◆ WHAT IS REQUIRED
Please restate every line below exactly, without any pictures.

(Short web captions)
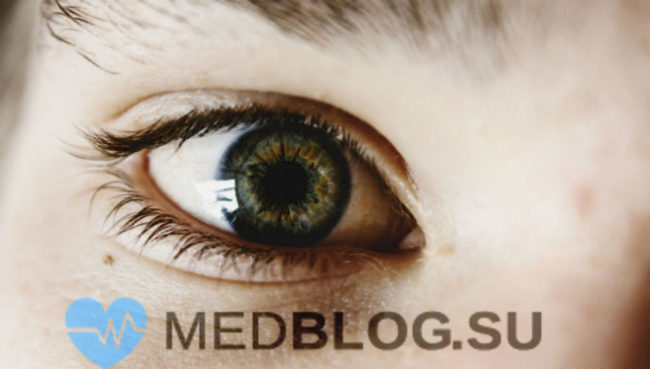 Ирит и иридоциклит - в чем различие? Клиника, диагностика и лечение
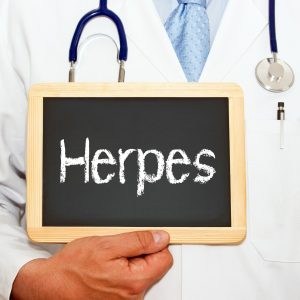 herpes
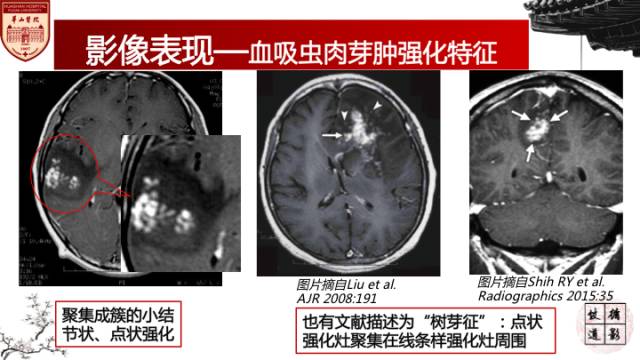 【病例】脑血吸虫性肉芽肿1例MR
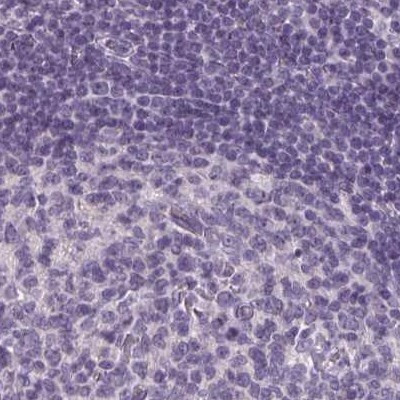 Prostein Antibody in Immunohistochemistry (IHC)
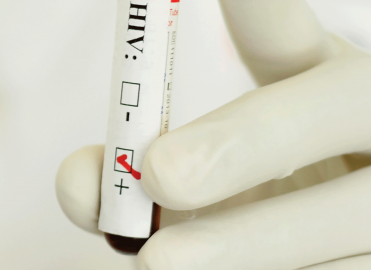 June 27th is National HIV Testing Day: Coding Fundamentals for HIV Screening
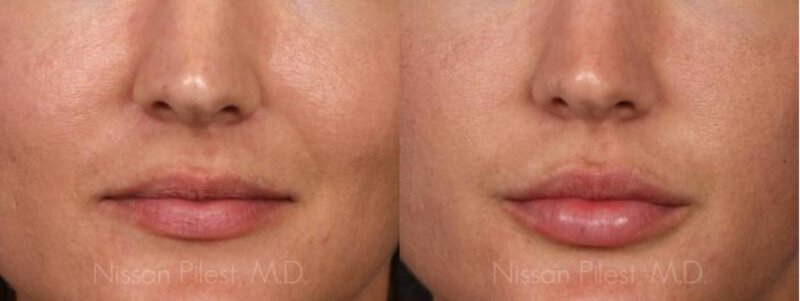 Juvederm Ultra Before & After Irvine, CA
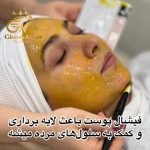 فیشیال صورت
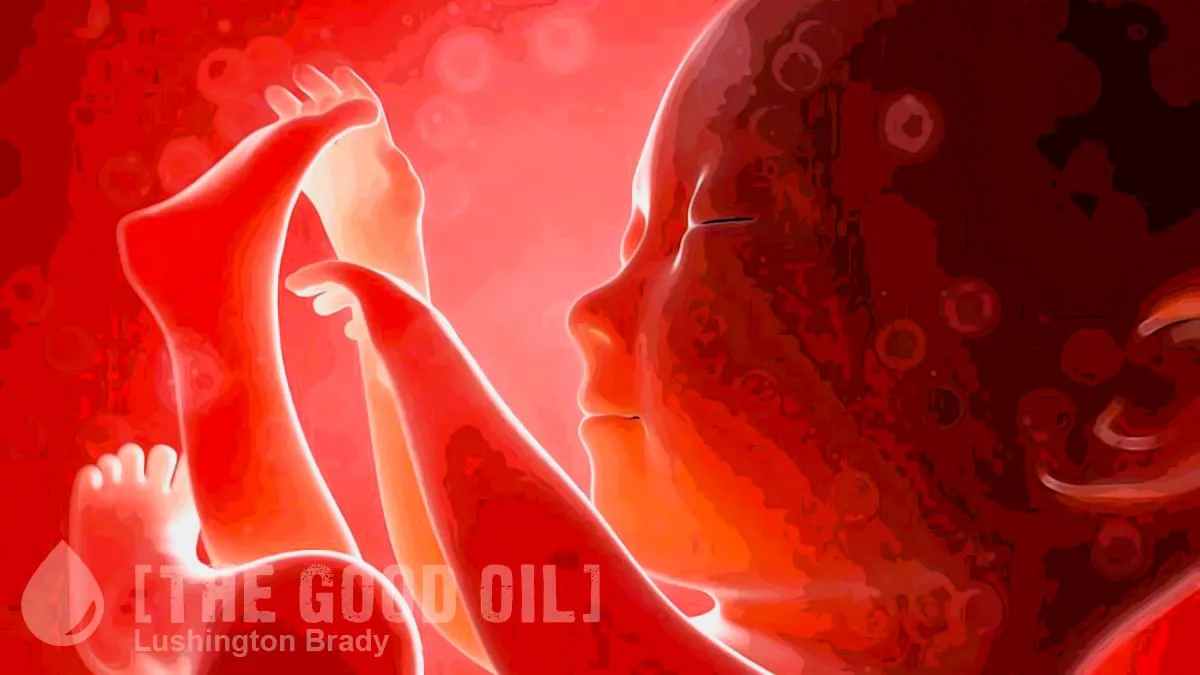 Doublethink Is a Bold Strategy for the ACLU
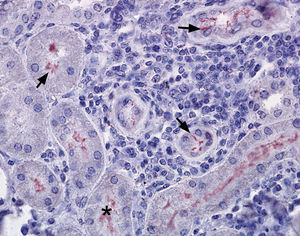 Kidney, immunostaining can be found as thin fibers between tubular cells and over the epithelial cells (arrows →), and with a diffuse pattern within the tubules (*). The interstitial tissue appeared infiltrated with lymphocytic cells (1). Immunohistochemistry, AEC (solution aminoethylcarbazole) – haematoxylin-eosin. 400×.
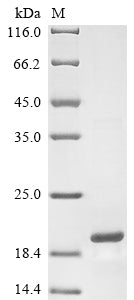 Greater than 85% as determined by SDS-PAGE.Recombinant Mouse Lysozyme C-2 (LYZ2) Protein (His&Myc)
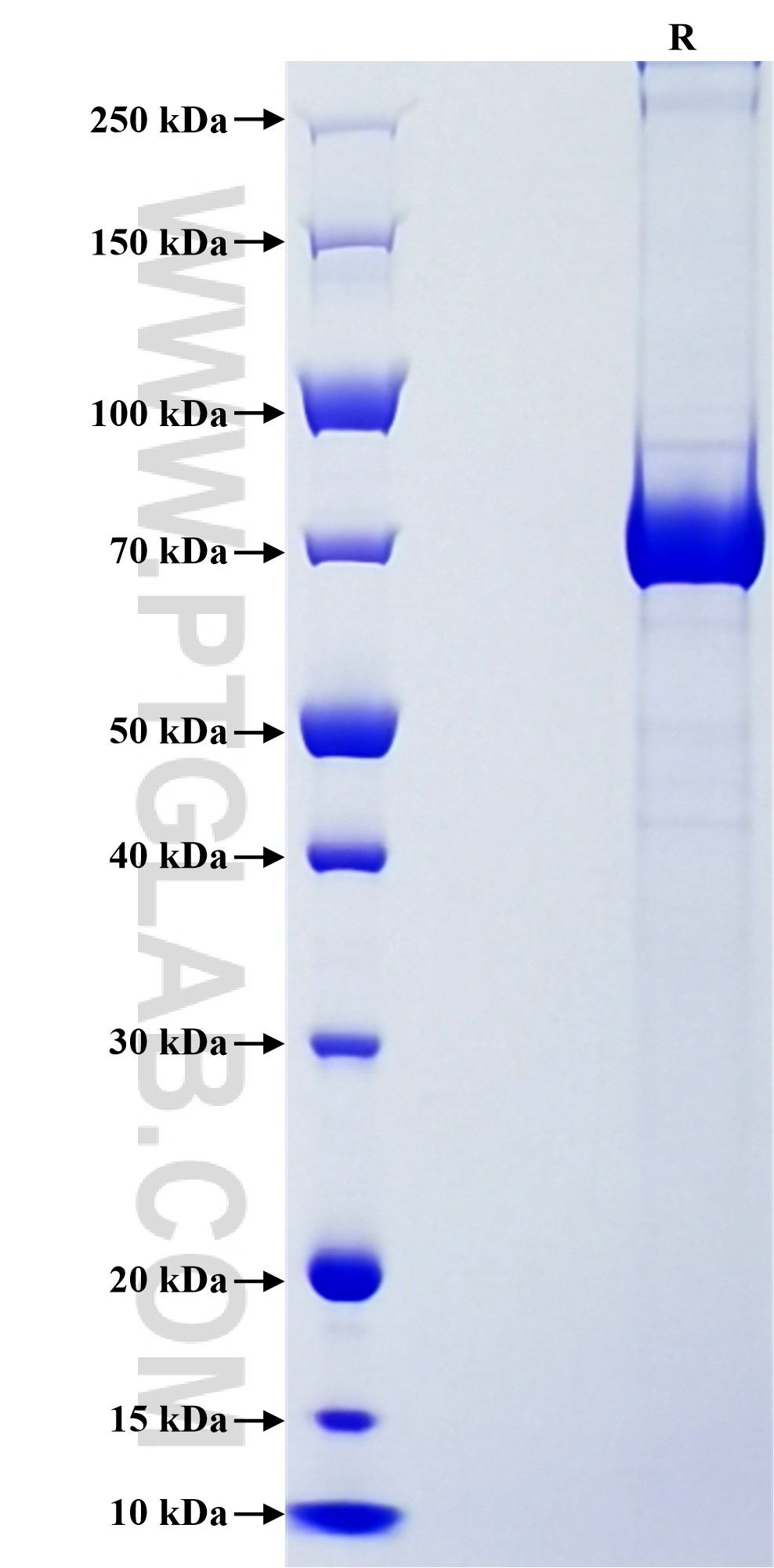 Purity of Recombinant Human GAS6 was determined by SDS-PAGE. The protein was resolved in an SDS-PAGE in reducing (R) conditions and stained using Coomassie blue. Purity of Recombinant Human GAS6 was determined by SDS-PAGE. The protein was resolved in an SDS-PAGE in reducing (R) conditions and stained using Coomassie blue.
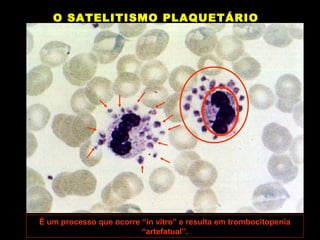O SATELITISMO PLAQUETÁRIO




É um processo que ocorre “in vitro” e resulta em trombocitopenia
                         “artefatual”.
 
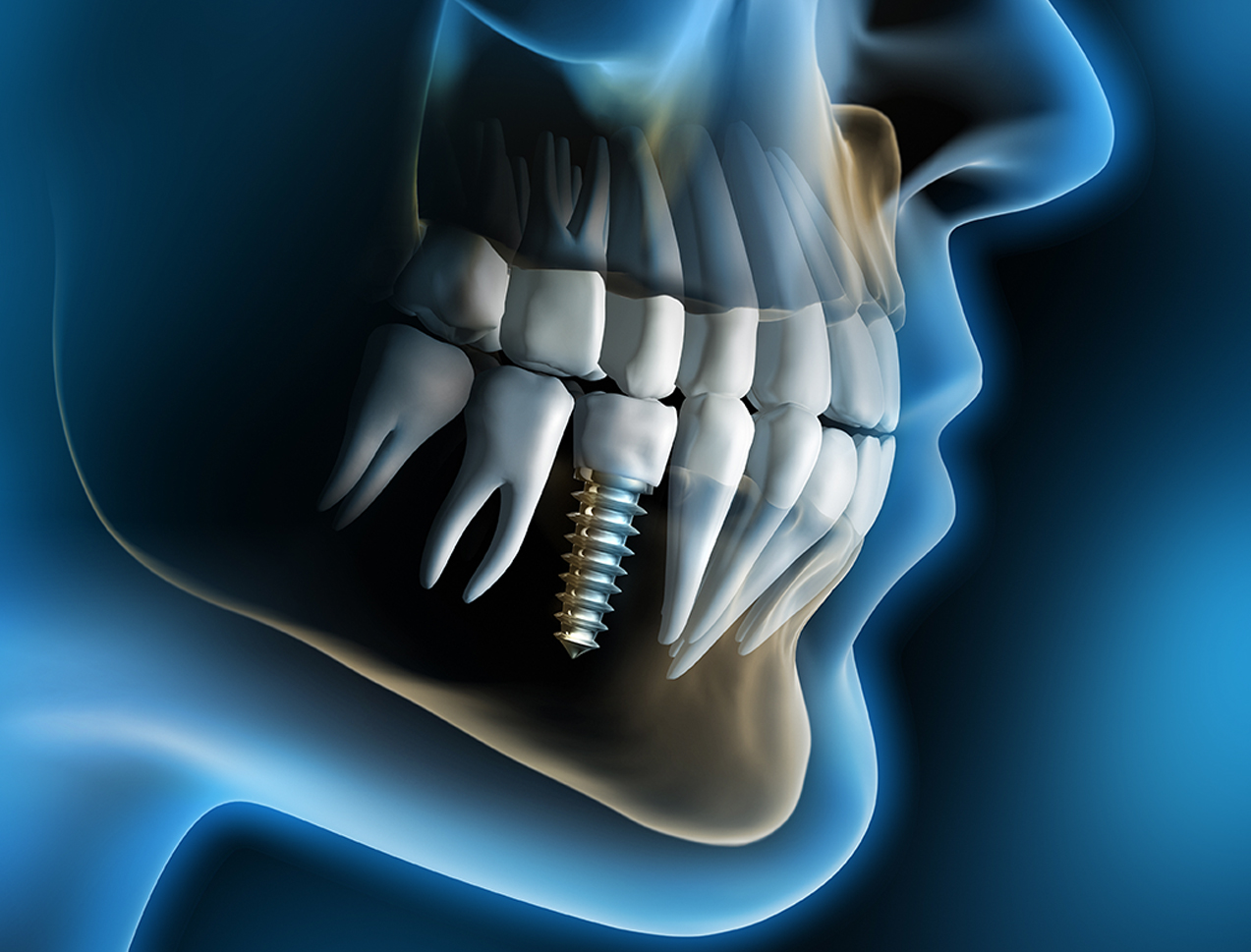 Dental Implants And Prosthetics - Dental Implant And Prosthetic , HD Wallpaper & Backgrounds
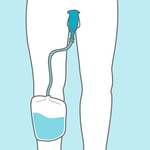 Removing the male external catheter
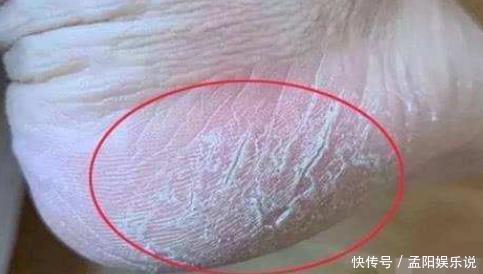 胰岛素抵抗|肝不好,脚部会有3种异常,若你全中,可能是肝“撑不住了”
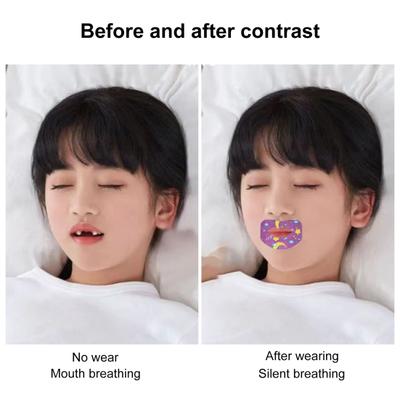 1 Box Breathable Universal Practical Comfortable Mouth Correction Stickers Good Slumber Patch Product Mouth Orthosis Tape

◆ SOLUTION TO THIS EXERCISE
 Ирит и иридоциклит - в чем различие? Клиника, диагностика и лечение
 herpes
 【病例】脑血吸虫性肉芽肿1例MR
 Prostein Antibody in Immunohistochemistry (IHC)
 June 27th is National HIV Testing Day: Coding Fundamentals for HIV Screening
 Juvederm Ultra Before & After Irvine, CA
 فیشیال صورت
 Doublethink Is a Bold Strategy for the ACLU
 Kidney, immunostaining can be found as thin fibers between tubular cells and over the epithelial cells (arrows →), and with a diffuse pattern within the tubules (*). The interstitial tissue appeared infiltrated with lymphocytic cells (1). Immunohistochemistry, AEC (solution aminoethylcarbazole) – haematoxylin-eosin. 400×.
 Greater than 85% as determined by SDS-PAGE.Recombinant Mouse Lysozyme C-2 (LYZ2) Protein (His&Myc)
 Purity of Recombinant Human GAS6 was determined by SDS-PAGE. The protein was resolved in an SDS-PAGE in reducing (R) conditions and stained using Coomassie blue. Purity of Recombinant Human GAS6 was determined by SDS-PAGE. The protein was resolved in an SDS-PAGE in reducing (R) conditions and stained using Coomassie blue.
O SATELITISMO PLAQUETÁRIO




É um processo que ocorre “in vitro” e resulta em trombocitopenia
                         “artefatual”.
 
 Dental Implants And Prosthetics - Dental Implant And Prosthetic , HD Wallpaper & Backgrounds
 Removing the male external catheter
 胰岛素抵抗|肝不好,脚部会有3种异常,若你全中,可能是肝“撑不住了”
 1 Box Breathable Universal Practical Comfortable Mouth Correction Stickers Good Slumber Patch Product Mouth Orthosis Tape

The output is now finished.